Data extracts:
_____
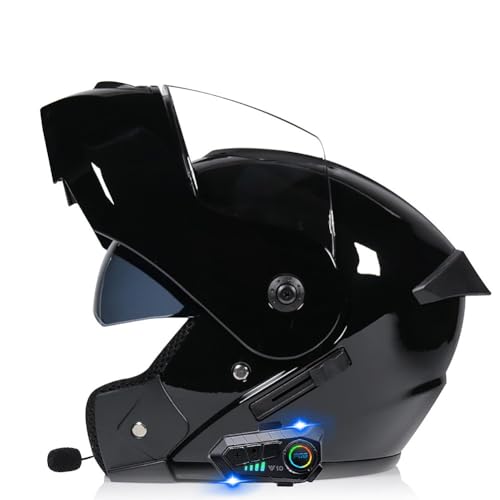 RHBDDHV Motorradhelm mit Bluetooth Motorrad Klapphelm ECE Zertifizierter mit Anti-Fog-Doppelvisier Integralhelm Sturzhelm mit Mikrofon für Automatische Antwort Moped Helm für Herren Damen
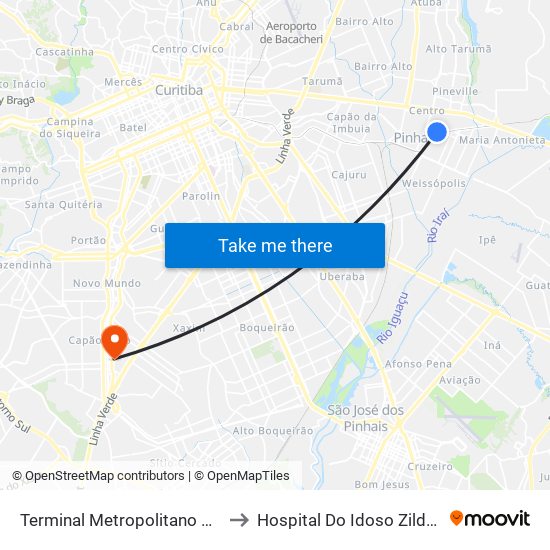 Terminal Metropolitano Pinhais to Hospital Do Idoso Zilda Arns map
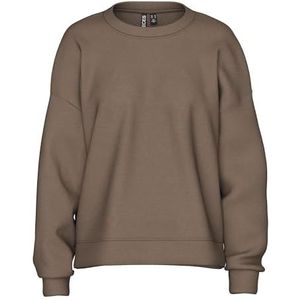 PIECES - PCChilli - Sweatshirt - Chocoladebruin - Wijde Pasvorm - Lange Mouw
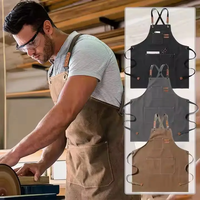 Tablier en toile imperméable avec logo personnalisé, grandes poches et sangle de cou réglable, tabliers de chef pour hommes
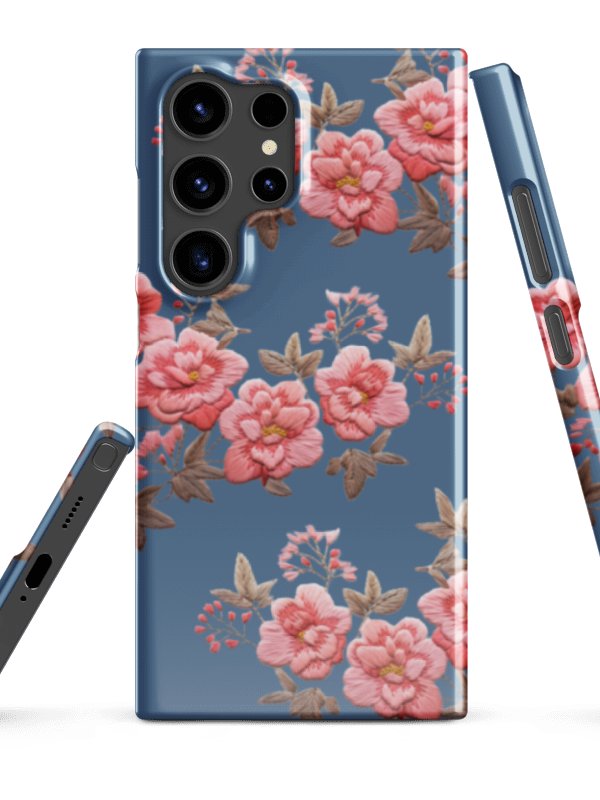 Blue Summer Garden Snap Case for Samsung® with Embroidery Effect - GESTICKTE ROSEN SCHUTZHÜLLE BLAU product image (5)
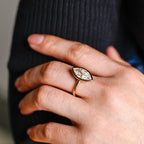 Solid Gold Marquise Moissanite Engagement Ring, Vintage Bezel Ring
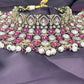Ruby & Diamond Look Choker Necklace Set with Jhumkas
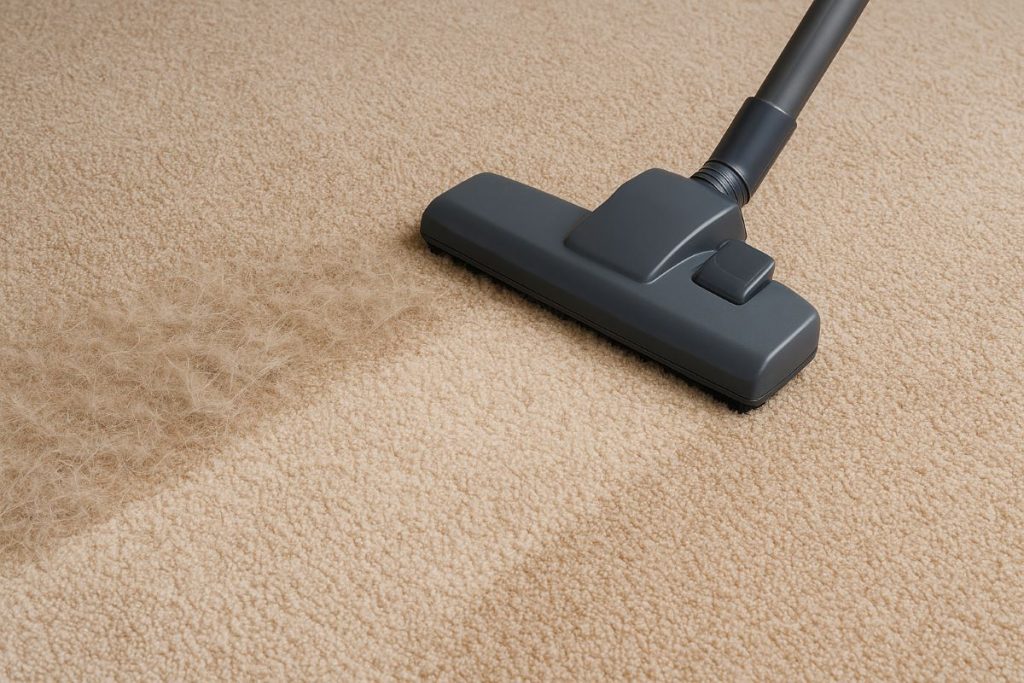 a vacuum cleaner passing over the carpet as it collects pet hair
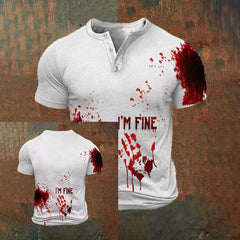 Men's Halloween I'm Fine Print Henley Shirt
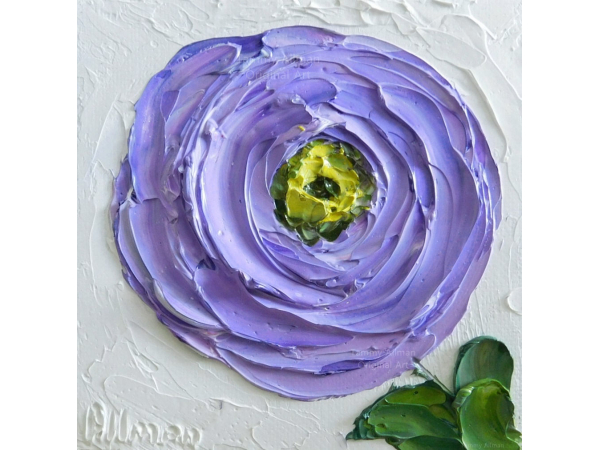 purple ranunculus painting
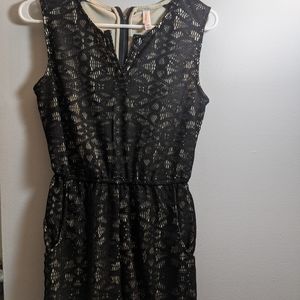 Black lace nude romper dress shorts pockets xhiliration size small sleeveless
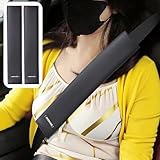 2PCS Car Seat Belt Cover Pad Extra Long 13 Inch, Car Seat Shoulder Strap Pads, Thick Leather Seatbelt Cushion Protect Neck & Shoulder, Universal Car Seatbelt Covers Pad for Most Vehicles (Matte Black)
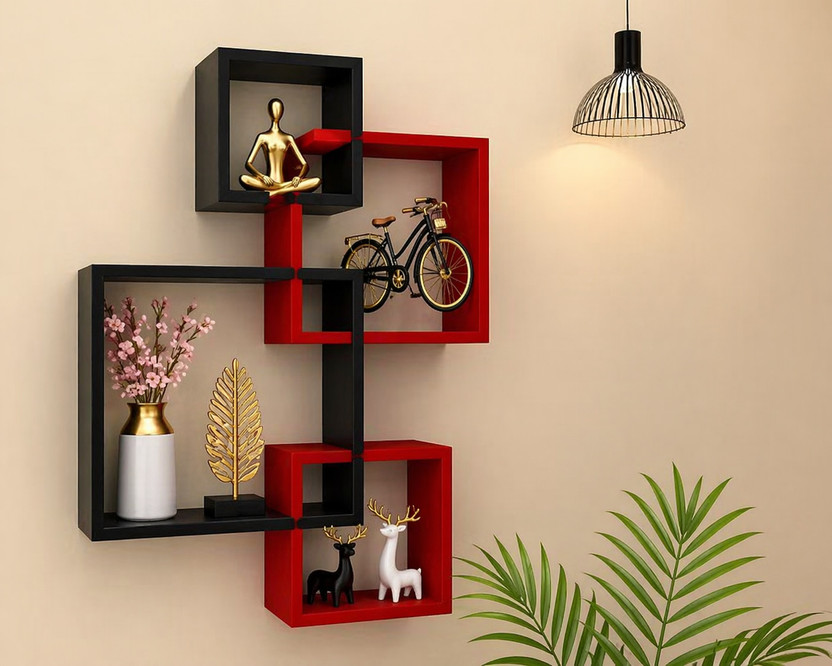classiconline Premium Wall Rack Shelf for Living Room Bedroom Decor MDF (Medium Density Fiber) Wall Shelf(Number of Shelves - 4, Red, Black)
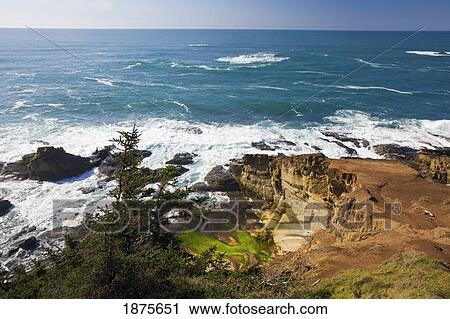 Stock Image - oregon, united states of america; rock formations along the coast of the pacific ocean at cape arago state park. Fotosearch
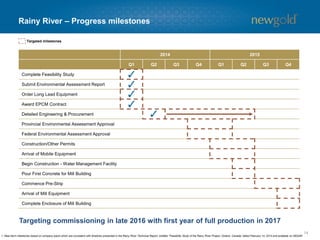14
Rainy River – Progress milestones
2014 2015
Q1 Q2 Q3 Q4 Q1 Q2 Q3 Q4
Complete Feasibility Study
Submit Environmental Assessment Report
Order Long Lead Equipment
Award EPCM Contract
Detailed Engineering & Procurement
Provincial Environmental Assessment Approval
Federal Environmental Assessment Approval
Construction/Other Permits
Arrival of Mobile Equipment
Begin Construction - Water Management Facility
Pour First Concrete for Mill Building
Commence Pre-Strip
Arrival of Mill Equipment
Complete Enclosure of Mill Building
Targeted milestones
1. Near-term milestones based on company plans which are consistent with timelines presented in the Rainy River Technical Report, entitled “Feasibility Study of the Rainy River Project, Ontario, Canada” dated February 14, 2014 and available on SEDAR.
Targeting commissioning in late 2016 with first year of full production in 2017
 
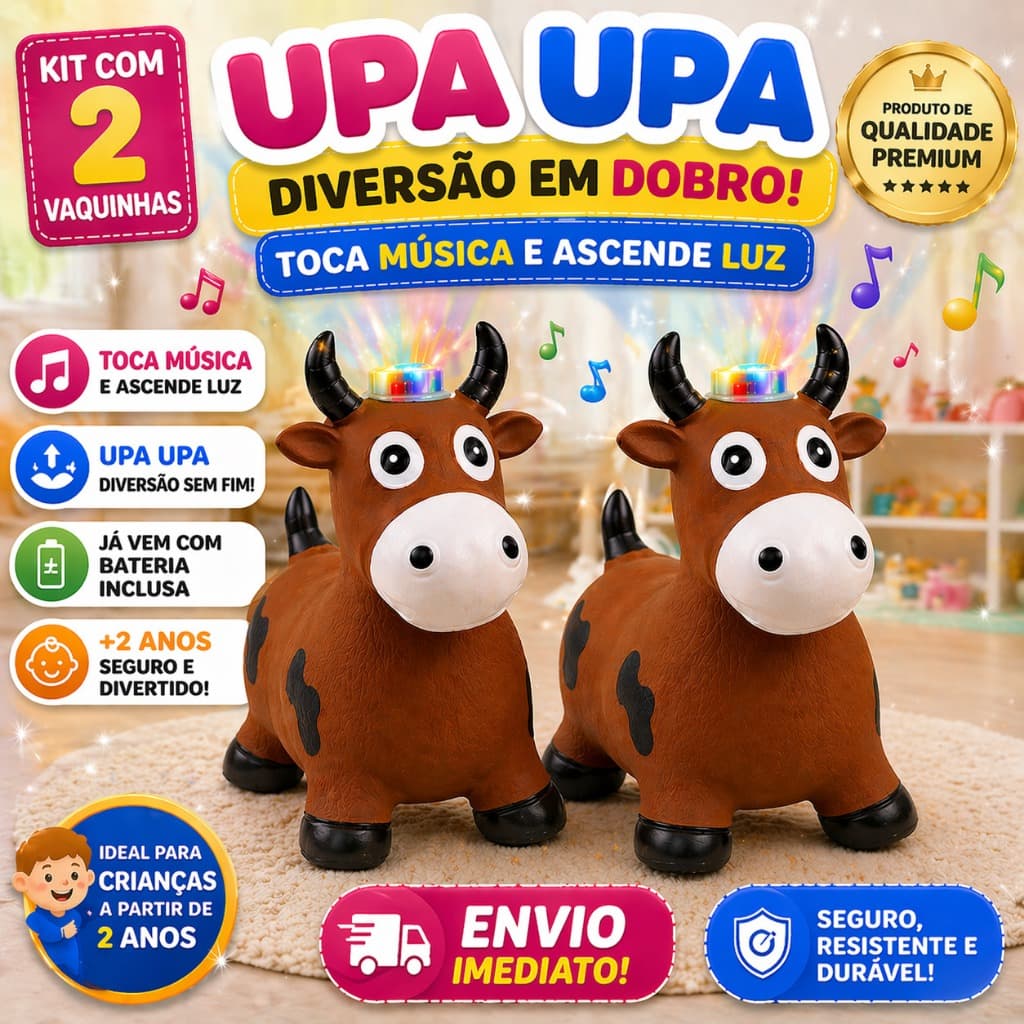 Kit 2 Upa Upa Vaquinha Pocoto Musica Luz Pula Pula Brinquedo Inflável Infantil Resistente Educativo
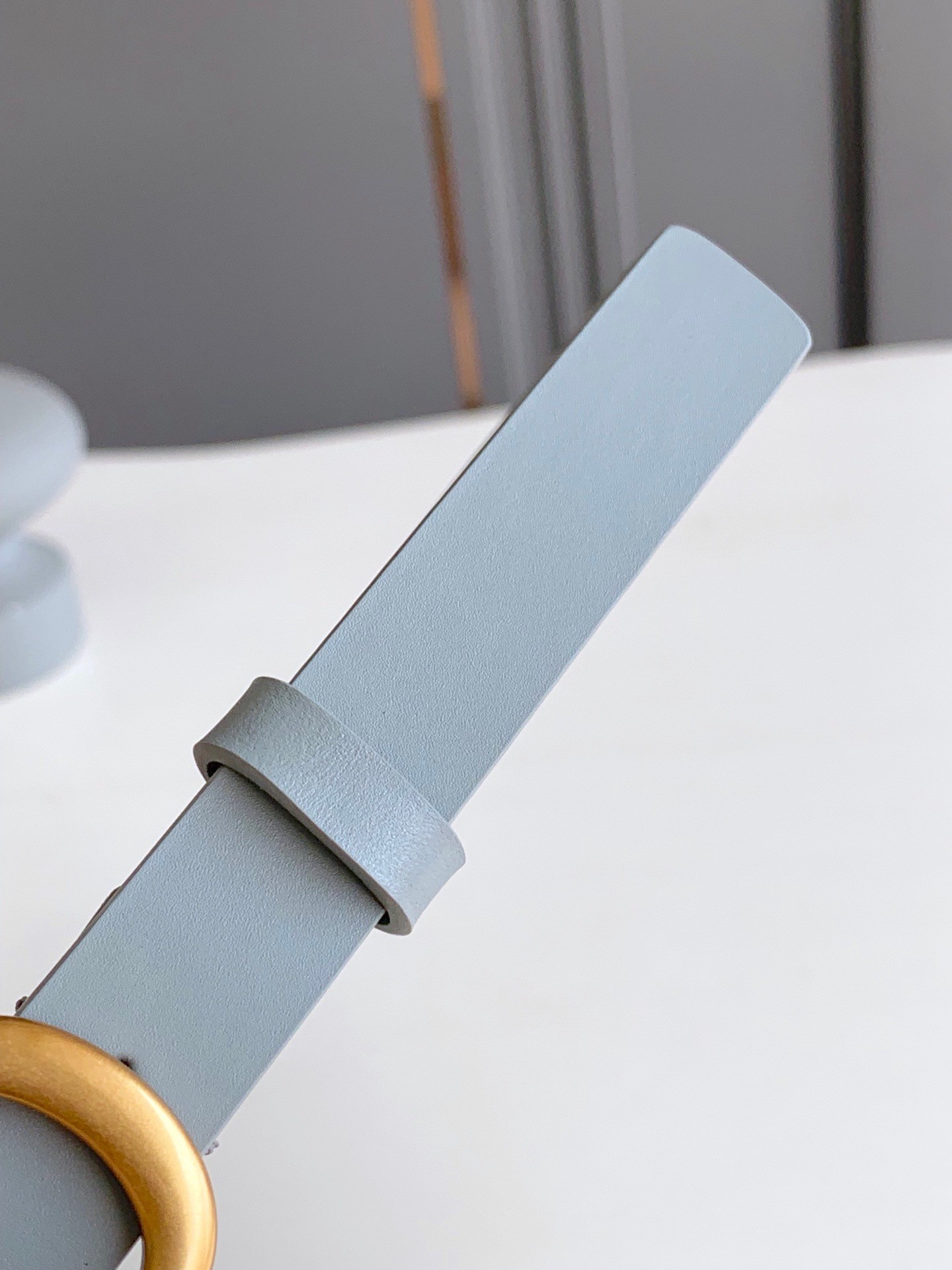 D*or saddle 20mm belt in grey calfskin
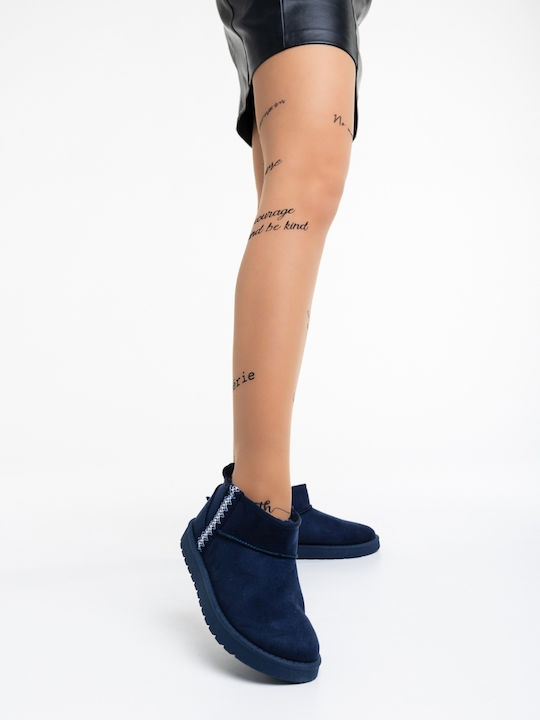 Damen Stiefeletten mit Pelz Blau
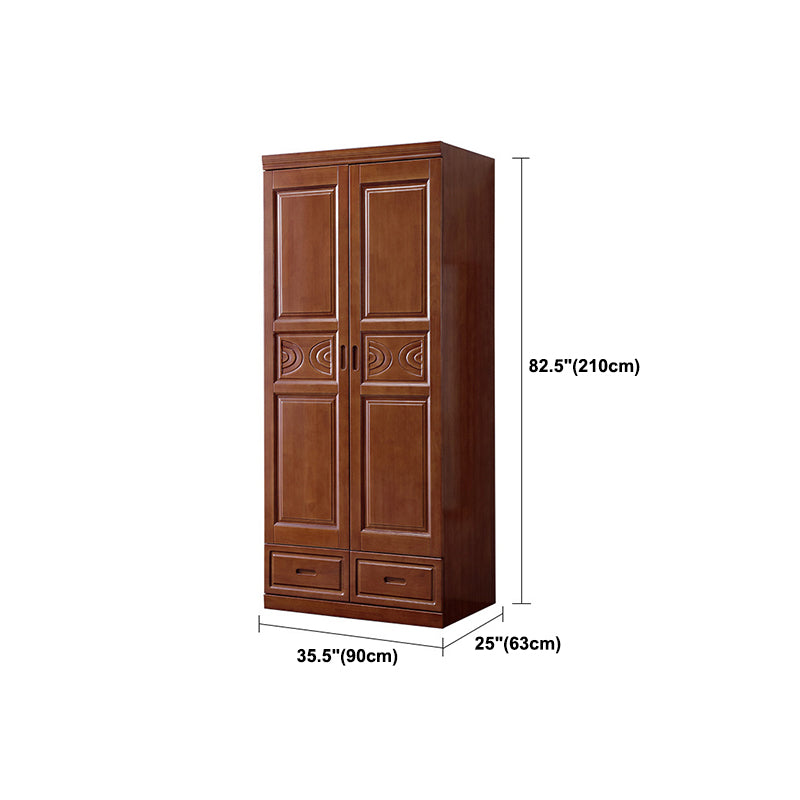 Traditional Wardrobe Armoire Solid Wood Wardrobe Closet with Shelves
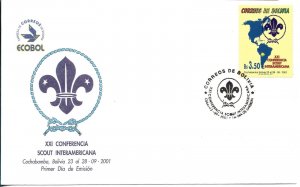 BOLIVIA 2001 INTERAMERICAN SCOUTS CONFERENCE IN COCHABAMBA MAP  FDC COVER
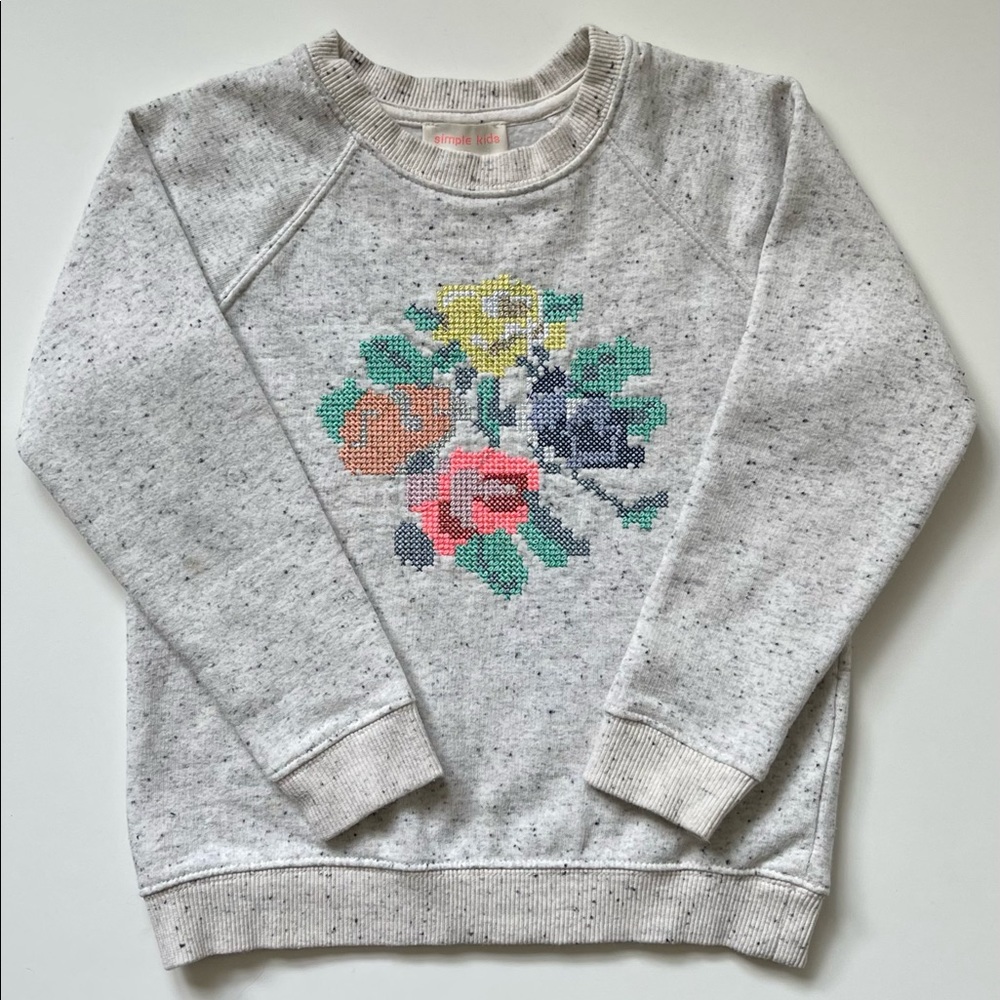 Simple Kids Girls’ Floral Embroidered Sweatshirt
_____
Task statement:
Every line holding the string "Complete" should be copied here, so please find those lines in the data.

Task output:
Complete Feasibility Study
Complete Enclosure of Mill Building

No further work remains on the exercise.